Wydarzenie konkursowe, którego celem jest promocja warmińskich wyrobów lokalnych przyciągnęła do Ośrodka Rzemiosł Zapomnianych w Gadach tłumy wystawców i liczną publiczność praktycznie z całego obszaru Warmii. Organizatorem gali była grupa partnerska „Gniazdo Warmińskie”, która współpracuje z podolsztyńskimi gminami, podmiotami gospodarczymi - np. właścicielami gospodarstw agroturystycznych, stowarzyszeniami rozwoju regionalnego i centrami kultury lokalnej.- Spotkaliśmy się po to, by po raz kolejny udowodnić, że możemy się pochwalić znakomitymi produktami lokalnymi z Warmii, które nie powstają w produkcji masowej, są przyjazne dla środowiska i wytworzone przez lokalnych wytwórców z miejscowych surowców – mówi Teresa Kosińska, prezes stowarzyszenia „Nasze Gady”, które pełni rolę sekretariatu „Gniazda Warmińskiego”.
Napój na bazie kaszy
Produkty lokalne prezentowane podczas wydarzenia w Gadach walczyły o zdobycie certyfikatu „Marka Lokalna”. W konkursowe szranki stanęło prawie 90 produktów w trzech kategoriach: rękodzieło, produkty spożywcze i wydarzenie kulturotwórcze. Produkty oceniała 9-osobowa Kapituła Konkursowa w skład której weszli m.in. naukowcy, eksperci od żywności, przedstawiciele mediów lokalnych, a także samorządowcy z Urzędu Marszałkowskiego w Olsztynie i Starostwa Powiatowego w Olsztynie.

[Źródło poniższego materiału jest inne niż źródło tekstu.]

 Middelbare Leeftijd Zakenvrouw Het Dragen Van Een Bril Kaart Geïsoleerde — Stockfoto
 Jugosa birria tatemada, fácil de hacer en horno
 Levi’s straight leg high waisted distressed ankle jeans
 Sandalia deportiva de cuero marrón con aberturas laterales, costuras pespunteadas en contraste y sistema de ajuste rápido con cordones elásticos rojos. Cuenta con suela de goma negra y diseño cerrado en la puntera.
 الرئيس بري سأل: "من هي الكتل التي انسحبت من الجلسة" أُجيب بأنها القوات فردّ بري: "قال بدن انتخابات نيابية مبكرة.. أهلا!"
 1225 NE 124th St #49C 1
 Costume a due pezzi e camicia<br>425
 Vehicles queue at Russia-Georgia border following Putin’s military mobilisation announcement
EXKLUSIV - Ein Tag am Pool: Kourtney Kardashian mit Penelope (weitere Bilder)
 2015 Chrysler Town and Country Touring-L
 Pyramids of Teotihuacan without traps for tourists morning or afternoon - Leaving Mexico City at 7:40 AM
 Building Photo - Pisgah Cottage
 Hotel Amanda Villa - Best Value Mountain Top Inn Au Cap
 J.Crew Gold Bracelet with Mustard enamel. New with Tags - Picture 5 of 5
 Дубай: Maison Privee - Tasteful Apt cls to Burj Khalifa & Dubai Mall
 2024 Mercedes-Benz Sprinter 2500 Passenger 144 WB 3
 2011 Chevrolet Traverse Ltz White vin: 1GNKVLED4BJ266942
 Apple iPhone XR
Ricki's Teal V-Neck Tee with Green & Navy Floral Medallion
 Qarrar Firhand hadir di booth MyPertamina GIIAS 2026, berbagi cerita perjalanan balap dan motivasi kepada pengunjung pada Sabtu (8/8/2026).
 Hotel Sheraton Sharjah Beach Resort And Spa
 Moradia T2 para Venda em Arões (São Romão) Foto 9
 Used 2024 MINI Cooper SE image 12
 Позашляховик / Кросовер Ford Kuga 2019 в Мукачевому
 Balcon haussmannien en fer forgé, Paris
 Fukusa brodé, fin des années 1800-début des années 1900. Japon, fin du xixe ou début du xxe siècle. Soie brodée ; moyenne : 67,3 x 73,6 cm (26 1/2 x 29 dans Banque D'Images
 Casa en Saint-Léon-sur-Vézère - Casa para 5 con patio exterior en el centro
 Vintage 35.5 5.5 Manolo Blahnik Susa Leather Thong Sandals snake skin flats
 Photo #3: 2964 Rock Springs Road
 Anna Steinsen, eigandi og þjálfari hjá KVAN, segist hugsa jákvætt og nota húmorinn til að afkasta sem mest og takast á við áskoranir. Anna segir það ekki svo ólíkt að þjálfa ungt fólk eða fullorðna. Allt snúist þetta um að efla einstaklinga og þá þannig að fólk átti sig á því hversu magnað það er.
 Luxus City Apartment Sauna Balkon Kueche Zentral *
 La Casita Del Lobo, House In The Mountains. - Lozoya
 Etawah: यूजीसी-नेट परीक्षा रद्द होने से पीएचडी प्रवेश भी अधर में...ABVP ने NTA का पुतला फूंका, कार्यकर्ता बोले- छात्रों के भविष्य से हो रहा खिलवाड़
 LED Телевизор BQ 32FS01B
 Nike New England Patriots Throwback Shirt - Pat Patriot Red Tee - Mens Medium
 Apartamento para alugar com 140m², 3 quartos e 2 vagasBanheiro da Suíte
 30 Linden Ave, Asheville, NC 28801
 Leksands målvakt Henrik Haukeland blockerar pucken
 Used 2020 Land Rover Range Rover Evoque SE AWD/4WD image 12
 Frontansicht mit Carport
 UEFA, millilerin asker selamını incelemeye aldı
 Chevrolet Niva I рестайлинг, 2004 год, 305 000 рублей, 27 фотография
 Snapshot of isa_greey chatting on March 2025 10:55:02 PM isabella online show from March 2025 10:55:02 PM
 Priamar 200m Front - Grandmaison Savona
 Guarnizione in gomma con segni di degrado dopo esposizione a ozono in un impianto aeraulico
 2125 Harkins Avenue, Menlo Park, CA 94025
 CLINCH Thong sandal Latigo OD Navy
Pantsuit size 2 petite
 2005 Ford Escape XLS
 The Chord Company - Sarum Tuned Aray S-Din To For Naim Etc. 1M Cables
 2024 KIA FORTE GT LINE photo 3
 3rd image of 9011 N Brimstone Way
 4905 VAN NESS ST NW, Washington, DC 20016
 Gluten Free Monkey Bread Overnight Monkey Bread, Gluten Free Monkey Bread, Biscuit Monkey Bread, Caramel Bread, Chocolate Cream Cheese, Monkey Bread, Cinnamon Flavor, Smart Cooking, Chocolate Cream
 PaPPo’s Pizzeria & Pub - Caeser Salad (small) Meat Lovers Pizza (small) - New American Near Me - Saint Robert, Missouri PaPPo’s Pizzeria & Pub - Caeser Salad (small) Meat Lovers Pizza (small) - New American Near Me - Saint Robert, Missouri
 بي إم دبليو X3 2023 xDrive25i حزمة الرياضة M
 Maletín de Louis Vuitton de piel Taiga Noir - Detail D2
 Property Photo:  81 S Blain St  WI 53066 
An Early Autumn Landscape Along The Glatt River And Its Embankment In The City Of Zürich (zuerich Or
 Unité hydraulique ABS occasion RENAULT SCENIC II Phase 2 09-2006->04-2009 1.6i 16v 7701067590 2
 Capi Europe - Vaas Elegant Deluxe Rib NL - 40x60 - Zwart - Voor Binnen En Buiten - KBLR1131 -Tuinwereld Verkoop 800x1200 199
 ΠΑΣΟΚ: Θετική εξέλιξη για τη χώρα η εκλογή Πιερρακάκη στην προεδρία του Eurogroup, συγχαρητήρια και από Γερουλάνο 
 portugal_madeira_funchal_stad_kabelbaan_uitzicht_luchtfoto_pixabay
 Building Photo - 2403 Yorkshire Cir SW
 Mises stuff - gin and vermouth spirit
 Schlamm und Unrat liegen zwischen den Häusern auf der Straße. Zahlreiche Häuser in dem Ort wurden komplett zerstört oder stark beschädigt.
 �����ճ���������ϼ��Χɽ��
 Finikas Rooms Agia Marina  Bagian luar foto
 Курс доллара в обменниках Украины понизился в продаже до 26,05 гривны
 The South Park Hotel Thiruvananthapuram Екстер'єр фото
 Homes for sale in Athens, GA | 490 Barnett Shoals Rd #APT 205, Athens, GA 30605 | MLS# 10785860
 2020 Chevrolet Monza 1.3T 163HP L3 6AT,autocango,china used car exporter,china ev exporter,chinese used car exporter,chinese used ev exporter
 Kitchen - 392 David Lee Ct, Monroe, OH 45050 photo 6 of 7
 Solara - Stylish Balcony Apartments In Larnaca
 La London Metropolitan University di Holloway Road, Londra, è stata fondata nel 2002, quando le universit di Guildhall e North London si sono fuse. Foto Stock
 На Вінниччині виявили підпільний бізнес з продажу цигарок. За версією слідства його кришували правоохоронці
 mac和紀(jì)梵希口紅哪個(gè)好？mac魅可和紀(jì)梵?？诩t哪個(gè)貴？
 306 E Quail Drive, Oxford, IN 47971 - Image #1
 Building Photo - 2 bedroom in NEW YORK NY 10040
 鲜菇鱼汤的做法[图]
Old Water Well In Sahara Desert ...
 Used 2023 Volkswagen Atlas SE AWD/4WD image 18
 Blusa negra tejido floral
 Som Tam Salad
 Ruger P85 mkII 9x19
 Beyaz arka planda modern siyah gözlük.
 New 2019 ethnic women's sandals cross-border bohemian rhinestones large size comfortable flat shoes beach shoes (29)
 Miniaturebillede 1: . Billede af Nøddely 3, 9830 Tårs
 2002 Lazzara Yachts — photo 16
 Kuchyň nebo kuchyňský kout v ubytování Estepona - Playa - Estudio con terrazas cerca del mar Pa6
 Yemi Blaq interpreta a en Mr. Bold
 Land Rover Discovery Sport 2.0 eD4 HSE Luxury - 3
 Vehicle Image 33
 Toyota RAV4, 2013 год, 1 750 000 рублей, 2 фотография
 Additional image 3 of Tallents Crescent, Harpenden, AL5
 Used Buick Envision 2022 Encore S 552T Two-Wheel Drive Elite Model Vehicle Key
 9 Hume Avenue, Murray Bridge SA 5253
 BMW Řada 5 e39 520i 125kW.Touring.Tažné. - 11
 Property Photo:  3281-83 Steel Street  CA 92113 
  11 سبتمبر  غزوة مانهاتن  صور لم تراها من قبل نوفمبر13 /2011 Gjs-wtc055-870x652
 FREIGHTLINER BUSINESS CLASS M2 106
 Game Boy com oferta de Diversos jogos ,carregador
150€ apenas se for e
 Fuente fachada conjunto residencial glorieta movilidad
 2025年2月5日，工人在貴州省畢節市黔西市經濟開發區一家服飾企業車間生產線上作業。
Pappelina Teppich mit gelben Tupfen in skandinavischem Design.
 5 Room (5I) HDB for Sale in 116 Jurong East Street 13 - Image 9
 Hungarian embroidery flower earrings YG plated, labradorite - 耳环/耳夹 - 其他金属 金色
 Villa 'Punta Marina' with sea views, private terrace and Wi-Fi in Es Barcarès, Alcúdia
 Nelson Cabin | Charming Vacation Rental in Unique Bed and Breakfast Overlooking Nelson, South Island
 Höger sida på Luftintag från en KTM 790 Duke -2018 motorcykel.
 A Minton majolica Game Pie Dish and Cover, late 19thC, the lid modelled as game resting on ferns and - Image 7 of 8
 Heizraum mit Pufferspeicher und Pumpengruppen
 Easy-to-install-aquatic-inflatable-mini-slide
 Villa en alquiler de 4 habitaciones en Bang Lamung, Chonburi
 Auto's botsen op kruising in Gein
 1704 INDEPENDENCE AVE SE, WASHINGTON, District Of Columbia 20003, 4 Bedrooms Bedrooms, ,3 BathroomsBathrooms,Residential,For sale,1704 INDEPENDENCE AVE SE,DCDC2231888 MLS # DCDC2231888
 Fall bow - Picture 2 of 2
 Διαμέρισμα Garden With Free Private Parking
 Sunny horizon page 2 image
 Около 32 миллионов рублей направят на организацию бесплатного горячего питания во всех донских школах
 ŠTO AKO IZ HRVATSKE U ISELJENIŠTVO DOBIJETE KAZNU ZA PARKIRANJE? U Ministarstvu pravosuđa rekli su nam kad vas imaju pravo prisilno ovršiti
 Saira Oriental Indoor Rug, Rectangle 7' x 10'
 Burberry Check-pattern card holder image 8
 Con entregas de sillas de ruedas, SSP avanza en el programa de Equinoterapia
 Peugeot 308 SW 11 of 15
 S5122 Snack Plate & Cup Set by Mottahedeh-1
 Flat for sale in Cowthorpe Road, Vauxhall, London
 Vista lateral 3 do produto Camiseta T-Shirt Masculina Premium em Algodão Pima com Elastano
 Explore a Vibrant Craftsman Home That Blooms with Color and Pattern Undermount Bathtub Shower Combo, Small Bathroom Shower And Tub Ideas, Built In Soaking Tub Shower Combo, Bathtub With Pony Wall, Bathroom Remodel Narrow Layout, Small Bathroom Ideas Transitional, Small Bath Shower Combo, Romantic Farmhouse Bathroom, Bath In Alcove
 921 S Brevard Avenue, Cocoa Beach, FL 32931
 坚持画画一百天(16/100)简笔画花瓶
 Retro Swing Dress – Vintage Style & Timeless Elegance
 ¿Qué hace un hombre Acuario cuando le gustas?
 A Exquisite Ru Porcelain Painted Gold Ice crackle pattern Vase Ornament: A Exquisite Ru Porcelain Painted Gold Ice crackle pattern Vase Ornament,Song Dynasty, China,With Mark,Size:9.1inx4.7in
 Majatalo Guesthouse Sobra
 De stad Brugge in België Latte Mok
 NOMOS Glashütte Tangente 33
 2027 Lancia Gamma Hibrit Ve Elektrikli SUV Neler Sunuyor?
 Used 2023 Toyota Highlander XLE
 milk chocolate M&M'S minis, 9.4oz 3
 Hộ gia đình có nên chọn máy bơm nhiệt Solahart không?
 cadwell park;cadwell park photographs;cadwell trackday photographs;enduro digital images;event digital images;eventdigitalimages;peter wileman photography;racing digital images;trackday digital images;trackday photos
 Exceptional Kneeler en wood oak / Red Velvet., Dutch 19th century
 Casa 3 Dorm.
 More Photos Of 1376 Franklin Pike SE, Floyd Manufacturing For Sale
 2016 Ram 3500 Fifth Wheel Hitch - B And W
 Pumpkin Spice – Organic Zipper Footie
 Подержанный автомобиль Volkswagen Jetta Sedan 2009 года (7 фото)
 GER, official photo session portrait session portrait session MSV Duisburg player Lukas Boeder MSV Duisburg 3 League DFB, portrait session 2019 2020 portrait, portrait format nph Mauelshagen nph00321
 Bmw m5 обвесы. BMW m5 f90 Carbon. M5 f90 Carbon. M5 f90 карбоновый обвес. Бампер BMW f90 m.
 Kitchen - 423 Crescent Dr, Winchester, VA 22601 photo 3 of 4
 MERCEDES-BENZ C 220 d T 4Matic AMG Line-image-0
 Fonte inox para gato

- Pomysłowość wystawców z roku na rok jest coraz większa – przyznaje Anna Rok z Kapituły Konkursu. - Szukają coraz głębiej w historii Warmii, co owocuje oryginalnymi i zachwycającymi produktami. Można się tylko z tego cieszyć.
W kategorii spożywczej znalazły się m.in. bezalkoholowe napoje, warzone w sposób tradycyjny. Chodzi o kwasy chlebowe czy miodowe, a także podpiwki. Prawdziwym hitem, który został ostatecznie wyróżniony przez Kapitułę okazała się być buza letnia jęczmienna z Warzelni Warmińskiej.
- To bezalkoholowy, słodkawy i musujący napój na bazie kaszy – wyjaśnia Jan Jastrzębski z WW. - Robimy go zgodnie ze starymi przepisami, tradycją i przekazami osób pamiętających buzę. Świetnie gasi pragnienie latem, ale smakuje też w innych porach roku.
Oprócz napitków w kategorii spożywczej znalazły się też soki z rajskich jabłuszek i leśnej jarzębiny, aroniowe i porzeczkowe nalewki, ciasta, chleby i wędliny wędzone tradycyjnymi sposobami.
Warkoty, czyli koty z Warmii
Oceniając produkty jurorzy brali głównie pod uwagę odniesienie do tradycji warmińskiej. W kategorii rękodzieła artystycznego znalazły się np. torby z filcu i biżuteria ze sznurka, skóry oraz wełny, włóczkowe i płócienne zabawki, malowana ręcznie biżuteria, a także bombki i choinkowe ozdoby z sznurka i szyszek. Furorę robiły miękkie w dotyku utulanki-lulanki, czy pluszowe Warkoty, czyli koty z Warmii (kocie poduszki, pacynki, podgłówki). W tej kategorii Kapituła postanowiła przyznać wyróżnienie Grażynie Kowiel za biżuterię ręcznie malowaną, choć fenomenalnych ozdób i wyrobów było znacznie więcej.
Do kategorii wydarzenie kulturotwórcze zgłoszonych zostało pięć produktów. Aplauz i uśmiech wszystkich zgromadzonych wzbudziła Rita Kostka z Ogniskiem Kultury Rodzinnej „Hubertówka”. Dystansem do siebie, ironią i talentem do opowiadania wykazał się Łukasz Ruch, młody Warmiak z Bukwałdu, który zaprezentował swoją „gadkę warmińską”. Największe uznanie jury zdobył jednak Ogólnopolski Konkurs im. Ireny Kwinto „Życie bajką jest” organizowany przez Młodzieżowy Dom Kultury w Lidzbarku Warmińskim. Konkurs propaguje i promuje warmińskie bajki całym kraju.